Suppose $X_n$, $n=1,2,... $ and $X$ are random variables defined on probability space $(\Omega,\mathcal{F},\mathbb{ P } )$. They have bounded first moments. Assume that $X_n \geq 0$ almost surely, $\mathbb{E}X_n = 1$ and $\mathbb{E}(X_n \log X_n) \leq 1$. Assume that for every bounded random variable $Y$, $\mathbb{E}(X_nY)\rightarrow \mathbb{E}(XY) $ as $n \rightarrow \infty$. Show that: $X_n \rightarrow X$ in probability and $\mathbb{E}(X\log X) \leq 1$.

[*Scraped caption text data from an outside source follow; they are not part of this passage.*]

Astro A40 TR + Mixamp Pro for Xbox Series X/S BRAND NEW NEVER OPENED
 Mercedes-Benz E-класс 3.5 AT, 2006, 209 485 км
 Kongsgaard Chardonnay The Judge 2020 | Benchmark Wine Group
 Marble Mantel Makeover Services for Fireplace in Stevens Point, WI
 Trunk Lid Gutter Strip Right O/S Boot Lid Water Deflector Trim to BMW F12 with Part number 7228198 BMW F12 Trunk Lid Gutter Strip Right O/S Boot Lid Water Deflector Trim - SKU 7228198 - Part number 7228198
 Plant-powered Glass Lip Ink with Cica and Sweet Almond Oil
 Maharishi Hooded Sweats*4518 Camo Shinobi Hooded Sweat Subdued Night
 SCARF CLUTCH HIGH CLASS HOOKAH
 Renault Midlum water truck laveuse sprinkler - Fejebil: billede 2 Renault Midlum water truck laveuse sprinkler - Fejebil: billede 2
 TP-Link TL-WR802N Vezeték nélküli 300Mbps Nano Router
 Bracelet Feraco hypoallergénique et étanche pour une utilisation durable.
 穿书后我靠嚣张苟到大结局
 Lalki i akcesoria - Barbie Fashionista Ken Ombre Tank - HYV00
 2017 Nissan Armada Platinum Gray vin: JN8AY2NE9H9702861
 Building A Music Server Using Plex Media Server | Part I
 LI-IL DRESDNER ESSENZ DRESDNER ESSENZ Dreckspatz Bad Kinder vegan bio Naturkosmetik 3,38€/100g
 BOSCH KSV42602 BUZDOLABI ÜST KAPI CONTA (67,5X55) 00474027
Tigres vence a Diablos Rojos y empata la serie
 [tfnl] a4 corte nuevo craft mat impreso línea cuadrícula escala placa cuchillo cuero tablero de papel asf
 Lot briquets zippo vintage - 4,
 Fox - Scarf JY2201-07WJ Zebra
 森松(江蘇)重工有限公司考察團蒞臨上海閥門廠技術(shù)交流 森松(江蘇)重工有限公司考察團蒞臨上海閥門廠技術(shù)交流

In this problem, we know that $X_n,X \in L^{1}(\Omega,\mathcal{F},\mathbb{ P })$, and $X_n$ converges weakly to $X$ in $L^{1}(\Omega,\mathcal{F},\mathbb{ P })$, we need to deduce that $X_n$ converges in probability. Currently, I have no idea of this problem. Could anyone give me some hints?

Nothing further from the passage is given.